Das conclusões do recurso resulta que o mesmo tem como objecto apenas saber se existe motivo legal para a emenda da partilha designadamente se ocorreu erro sobre o objecto, que tenha viciado a vontade do declarante, no momento da licitação.
Colhidos os vistos cumpre apreciar e decidir.
Dos Factos

Na primeira instância foi considerada provada a seguinte factualidade, que por não ter sido posta em causa, nem haver razões para a alterar oficiosamente, se tem por definitiva:
1) « Correm termos os autos de inventário com o n.o 692/03.9TBSTC deste juízo por óbito de António .......... em que são interessados Arnaldo ............, Maria............... e marido Ar.......... e Sid............ e mulher Rita............ - conforme autos em apenso.
2) Naqueles autos desempenhou as funções de cabeça de casal a ora Ré, Maria..............., a qual, em 21/1 0/2003, sob a Verba n° 10, relacionou o seguinte imóvel: "Prédio urbano de rés de chão ... sito em S. Francisco da Serra, freguesia de S. Francisco da Serra, concelho de Santiago do Cacém, descrito na Conservatória do Registo Predial de Santiago do Cacém sob o nº 282/151293, inscrito na matriz da mesma freguesia sob o art° 270 ... " (alínea A) da matéria assente).

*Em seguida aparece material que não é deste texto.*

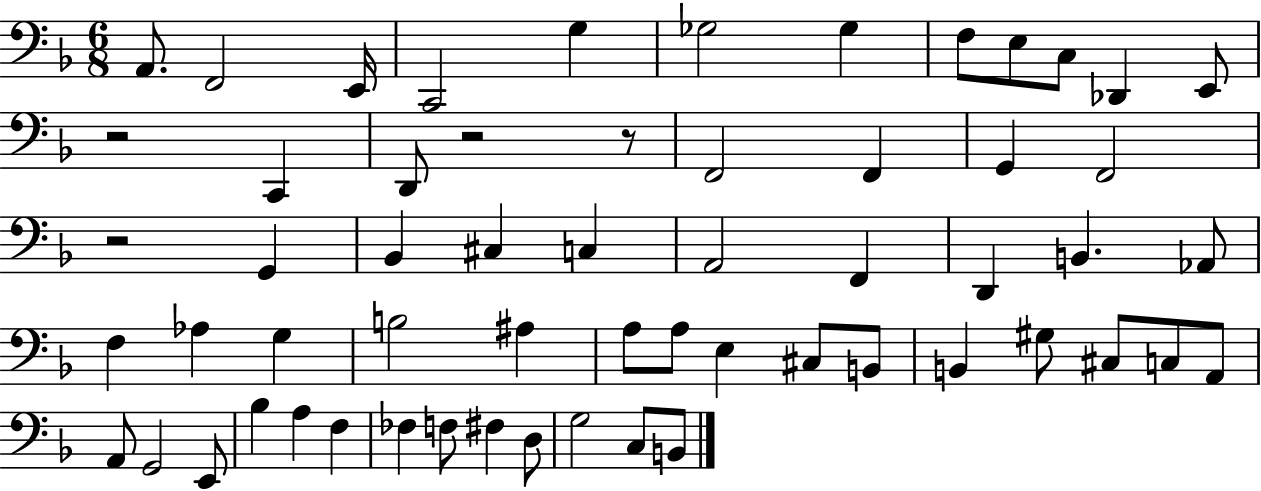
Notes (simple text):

A2/e. F2/h E2/s C2/h G3/q Gb3/h Gb3/q F3/e E3/e C3/e Db2/q E2/e R/h C2/q D2/e R/h R/e F2/h F2/q G2/q F2/h R/h G2/q Bb2/q C#3/q C3/q A2/h F2/q D2/q B2/q. Ab2/e F3/q Ab3/q G3/q B3/h A#3/q A3/e A3/e E3/q C#3/e B2/e B2/q G#3/e C#3/e C3/e A2/e A2/e G2/h E2/e Bb3/q A3/q F3/q FES3/q F3/e F#3/q D3/e G3/h C3/e B2/e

3) Oportunamente, o ora A. requereu a avaliação da referida Verba n.º 10. (al. B) da m.a.)
4) O valor atribuído à Verba n.º 10, pelo respectivo Perito, em 28/1 0/2004, foi de 47.500€. (al. C) da m.a.)
5) Na conferência de interessados, realizada em 5/05/2005, a referida Verba n° 10, foi objecto de licitação, sobre o valor-base resultante da avaliação: 47.500€. (al. D) da m.a.)
6) Coube ao ora A. oferecer o lance mais alto - 50.000,00 €. (al. E) da m.a.)
7) Consequentemente, o prédio urbano descrito sob a Verba n.º 10 foi adjudicado na partilha ao ora A., pelo referido valor de 50.000 Euros. (al. F) da m.a.)
8) A ora Ré, Maria..............., por requerimento de 9/06/2005, reclamou o pagamento das tornas. (al. G) da m.a.)
9) Notificado para esse efeito, o ora A. pagou aos restantes interessados as tornas aos mesmos devidas, respectivamente, no valor de 27.731, 12€ e de 11.134,44€, em 02/06/2005 e 23/06/2005. (al. H) da m.a.)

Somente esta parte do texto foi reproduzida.